▶ **What the task asks**: Without skipping any entry, transcribe the data word for word.

▶ **Material for this task**:
= Beginning of Section =

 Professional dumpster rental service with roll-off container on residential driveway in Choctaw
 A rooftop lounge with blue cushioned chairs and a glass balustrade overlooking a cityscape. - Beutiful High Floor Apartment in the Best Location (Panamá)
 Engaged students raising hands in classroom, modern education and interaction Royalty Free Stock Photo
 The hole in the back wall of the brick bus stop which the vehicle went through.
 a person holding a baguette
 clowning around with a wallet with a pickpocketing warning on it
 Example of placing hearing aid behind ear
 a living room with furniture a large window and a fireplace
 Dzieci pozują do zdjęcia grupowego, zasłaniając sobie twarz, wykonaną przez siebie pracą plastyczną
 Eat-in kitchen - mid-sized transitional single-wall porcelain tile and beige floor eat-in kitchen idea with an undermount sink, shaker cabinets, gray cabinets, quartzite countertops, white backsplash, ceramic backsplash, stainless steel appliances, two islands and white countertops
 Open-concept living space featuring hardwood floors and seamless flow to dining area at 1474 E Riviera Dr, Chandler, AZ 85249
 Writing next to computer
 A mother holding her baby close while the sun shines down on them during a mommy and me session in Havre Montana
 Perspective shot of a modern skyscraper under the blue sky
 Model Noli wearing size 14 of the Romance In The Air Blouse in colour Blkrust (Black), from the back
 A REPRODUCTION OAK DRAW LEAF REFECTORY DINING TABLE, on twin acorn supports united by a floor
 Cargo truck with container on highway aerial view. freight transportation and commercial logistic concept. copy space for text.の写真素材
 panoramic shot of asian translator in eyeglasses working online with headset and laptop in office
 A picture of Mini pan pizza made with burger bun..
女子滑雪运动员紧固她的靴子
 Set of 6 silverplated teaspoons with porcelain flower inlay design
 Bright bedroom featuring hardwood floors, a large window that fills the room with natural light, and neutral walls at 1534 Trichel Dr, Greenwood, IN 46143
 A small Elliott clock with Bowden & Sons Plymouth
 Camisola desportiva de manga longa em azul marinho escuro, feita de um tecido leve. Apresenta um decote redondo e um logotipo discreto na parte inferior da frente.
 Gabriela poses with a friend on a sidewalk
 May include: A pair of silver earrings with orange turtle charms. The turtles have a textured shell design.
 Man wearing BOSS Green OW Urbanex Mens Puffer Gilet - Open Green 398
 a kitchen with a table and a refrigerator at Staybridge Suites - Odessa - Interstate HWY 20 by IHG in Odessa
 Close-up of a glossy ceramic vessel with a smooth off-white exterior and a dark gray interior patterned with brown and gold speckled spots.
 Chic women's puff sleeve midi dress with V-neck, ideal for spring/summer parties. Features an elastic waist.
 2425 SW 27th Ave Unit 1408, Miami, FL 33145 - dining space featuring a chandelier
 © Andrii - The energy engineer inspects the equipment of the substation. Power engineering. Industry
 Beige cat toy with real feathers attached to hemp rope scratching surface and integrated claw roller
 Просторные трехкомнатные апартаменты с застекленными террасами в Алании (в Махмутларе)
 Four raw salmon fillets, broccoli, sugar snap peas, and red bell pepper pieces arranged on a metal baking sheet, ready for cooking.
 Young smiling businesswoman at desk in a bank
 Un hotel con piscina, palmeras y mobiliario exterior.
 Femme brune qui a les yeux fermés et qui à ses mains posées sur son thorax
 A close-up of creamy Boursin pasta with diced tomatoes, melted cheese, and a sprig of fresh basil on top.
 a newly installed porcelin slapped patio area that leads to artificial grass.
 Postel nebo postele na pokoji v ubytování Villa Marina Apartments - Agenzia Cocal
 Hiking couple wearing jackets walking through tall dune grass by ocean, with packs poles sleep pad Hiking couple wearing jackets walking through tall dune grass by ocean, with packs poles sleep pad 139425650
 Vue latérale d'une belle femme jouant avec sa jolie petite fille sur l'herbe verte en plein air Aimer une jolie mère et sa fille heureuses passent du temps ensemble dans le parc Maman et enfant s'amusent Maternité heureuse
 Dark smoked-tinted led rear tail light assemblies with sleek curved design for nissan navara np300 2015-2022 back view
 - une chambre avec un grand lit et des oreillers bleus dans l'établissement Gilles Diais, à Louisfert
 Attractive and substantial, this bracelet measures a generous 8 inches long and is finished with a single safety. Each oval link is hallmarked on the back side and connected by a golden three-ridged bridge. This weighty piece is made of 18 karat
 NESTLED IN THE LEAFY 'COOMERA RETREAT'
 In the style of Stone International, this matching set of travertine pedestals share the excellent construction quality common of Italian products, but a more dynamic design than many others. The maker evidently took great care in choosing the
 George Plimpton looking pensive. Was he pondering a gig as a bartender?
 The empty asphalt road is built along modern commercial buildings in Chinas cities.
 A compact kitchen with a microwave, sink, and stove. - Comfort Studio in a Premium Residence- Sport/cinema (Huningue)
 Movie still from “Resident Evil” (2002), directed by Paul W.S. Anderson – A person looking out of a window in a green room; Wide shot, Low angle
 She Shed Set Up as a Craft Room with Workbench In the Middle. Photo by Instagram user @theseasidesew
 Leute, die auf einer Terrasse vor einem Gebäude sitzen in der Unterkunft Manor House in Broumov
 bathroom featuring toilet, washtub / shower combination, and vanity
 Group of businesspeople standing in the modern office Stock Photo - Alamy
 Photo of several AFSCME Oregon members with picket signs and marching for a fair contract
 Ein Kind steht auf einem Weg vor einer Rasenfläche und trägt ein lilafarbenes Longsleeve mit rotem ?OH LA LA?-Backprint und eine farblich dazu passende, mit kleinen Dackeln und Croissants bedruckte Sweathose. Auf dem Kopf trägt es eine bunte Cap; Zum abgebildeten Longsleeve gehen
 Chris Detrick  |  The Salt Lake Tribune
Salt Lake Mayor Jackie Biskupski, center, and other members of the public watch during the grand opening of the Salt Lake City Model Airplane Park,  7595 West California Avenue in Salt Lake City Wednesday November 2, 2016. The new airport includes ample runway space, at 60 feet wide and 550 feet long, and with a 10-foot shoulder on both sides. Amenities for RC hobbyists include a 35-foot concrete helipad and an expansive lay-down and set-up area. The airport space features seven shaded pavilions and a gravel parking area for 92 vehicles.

= End of Section =

▶ **Written answer**:
 Professional dumpster rental service with roll-off container on residential driveway in Choctaw
 A rooftop lounge with blue cushioned chairs and a glass balustrade overlooking a cityscape. - Beutiful High Floor Apartment in the Best Location (Panamá)
 Engaged students raising hands in classroom, modern education and interaction Royalty Free Stock Photo
 The hole in the back wall of the brick bus stop which the vehicle went through.
 a person holding a baguette
 clowning around with a wallet with a pickpocketing warning on it
 Example of placing hearing aid behind ear
 a living room with furniture a large window and a fireplace
 Dzieci pozują do zdjęcia grupowego, zasłaniając sobie twarz, wykonaną przez siebie pracą plastyczną
 Eat-in kitchen - mid-sized transitional single-wall porcelain tile and beige floor eat-in kitchen idea with an undermount sink, shaker cabinets, gray cabinets, quartzite countertops, white backsplash, ceramic backsplash, stainless steel appliances, two islands and white countertops
 Open-concept living space featuring hardwood floors and seamless flow to dining area at 1474 E Riviera Dr, Chandler, AZ 85249
 Writing next to computer
 A mother holding her baby close while the sun shines down on them during a mommy and me session in Havre Montana
 Perspective shot of a modern skyscraper under the blue sky
 Model Noli wearing size 14 of the Romance In The Air Blouse in colour Blkrust (Black), from the back
 A REPRODUCTION OAK DRAW LEAF REFECTORY DINING TABLE, on twin acorn supports united by a floor
 Cargo truck with container on highway aerial view. freight transportation and commercial logistic concept. copy space for text.の写真素材
 panoramic shot of asian translator in eyeglasses working online with headset and laptop in office
 A picture of Mini pan pizza made with burger bun..
女子滑雪运动员紧固她的靴子
 Set of 6 silverplated teaspoons with porcelain flower inlay design
 Bright bedroom featuring hardwood floors, a large window that fills the room with natural light, and neutral walls at 1534 Trichel Dr, Greenwood, IN 46143
 A small Elliott clock with Bowden & Sons Plymouth
 Camisola desportiva de manga longa em azul marinho escuro, feita de um tecido leve. Apresenta um decote redondo e um logotipo discreto na parte inferior da frente.
 Gabriela poses with a friend on a sidewalk
 May include: A pair of silver earrings with orange turtle charms. The turtles have a textured shell design.
 Man wearing BOSS Green OW Urbanex Mens Puffer Gilet - Open Green 398
 a kitchen with a table and a refrigerator at Staybridge Suites - Odessa - Interstate HWY 20 by IHG in Odessa
 Close-up of a glossy ceramic vessel with a smooth off-white exterior and a dark gray interior patterned with brown and gold speckled spots.
 Chic women's puff sleeve midi dress with V-neck, ideal for spring/summer parties. Features an elastic waist.
 2425 SW 27th Ave Unit 1408, Miami, FL 33145 - dining space featuring a chandelier
 © Andrii - The energy engineer inspects the equipment of the substation. Power engineering. Industry
 Beige cat toy with real feathers attached to hemp rope scratching surface and integrated claw roller
 Просторные трехкомнатные апартаменты с застекленными террасами в Алании (в Махмутларе)
 Four raw salmon fillets, broccoli, sugar snap peas, and red bell pepper pieces arranged on a metal baking sheet, ready for cooking.
 Young smiling businesswoman at desk in a bank
 Un hotel con piscina, palmeras y mobiliario exterior.
 Femme brune qui a les yeux fermés et qui à ses mains posées sur son thorax
 A close-up of creamy Boursin pasta with diced tomatoes, melted cheese, and a sprig of fresh basil on top.
 a newly installed porcelin slapped patio area that leads to artificial grass.
 Postel nebo postele na pokoji v ubytování Villa Marina Apartments - Agenzia Cocal
 Hiking couple wearing jackets walking through tall dune grass by ocean, with packs poles sleep pad Hiking couple wearing jackets walking through tall dune grass by ocean, with packs poles sleep pad 139425650
 Vue latérale d'une belle femme jouant avec sa jolie petite fille sur l'herbe verte en plein air Aimer une jolie mère et sa fille heureuses passent du temps ensemble dans le parc Maman et enfant s'amusent Maternité heureuse
 Dark smoked-tinted led rear tail light assemblies with sleek curved design for nissan navara np300 2015-2022 back view
 - une chambre avec un grand lit et des oreillers bleus dans l'établissement Gilles Diais, à Louisfert
 Attractive and substantial, this bracelet measures a generous 8 inches long and is finished with a single safety. Each oval link is hallmarked on the back side and connected by a golden three-ridged bridge. This weighty piece is made of 18 karat
 NESTLED IN THE LEAFY 'COOMERA RETREAT'
 In the style of Stone International, this matching set of travertine pedestals share the excellent construction quality common of Italian products, but a more dynamic design than many others. The maker evidently took great care in choosing the
 George Plimpton looking pensive. Was he pondering a gig as a bartender?
 The empty asphalt road is built along modern commercial buildings in Chinas cities.
 A compact kitchen with a microwave, sink, and stove. - Comfort Studio in a Premium Residence- Sport/cinema (Huningue)
 Movie still from “Resident Evil” (2002), directed by Paul W.S. Anderson – A person looking out of a window in a green room; Wide shot, Low angle
 She Shed Set Up as a Craft Room with Workbench In the Middle. Photo by Instagram user @theseasidesew
 Leute, die auf einer Terrasse vor einem Gebäude sitzen in der Unterkunft Manor House in Broumov
 bathroom featuring toilet, washtub / shower combination, and vanity
 Group of businesspeople standing in the modern office Stock Photo - Alamy
 Photo of several AFSCME Oregon members with picket signs and marching for a fair contract
 Ein Kind steht auf einem Weg vor einer Rasenfläche und trägt ein lilafarbenes Longsleeve mit rotem ?OH LA LA?-Backprint und eine farblich dazu passende, mit kleinen Dackeln und Croissants bedruckte Sweathose. Auf dem Kopf trägt es eine bunte Cap; Zum abgebildeten Longsleeve gehen
 Chris Detrick  |  The Salt Lake Tribune
Salt Lake Mayor Jackie Biskupski, center, and other members of the public watch during the grand opening of the Salt Lake City Model Airplane Park,  7595 West California Avenue in Salt Lake City Wednesday November 2, 2016. The new airport includes ample runway space, at 60 feet wide and 550 feet long, and with a 10-foot shoulder on both sides. Amenities for RC hobbyists include a 35-foot concrete helipad and an expansive lay-down and set-up area. The airport space features seven shaded pavilions and a gravel parking area for 92 vehicles.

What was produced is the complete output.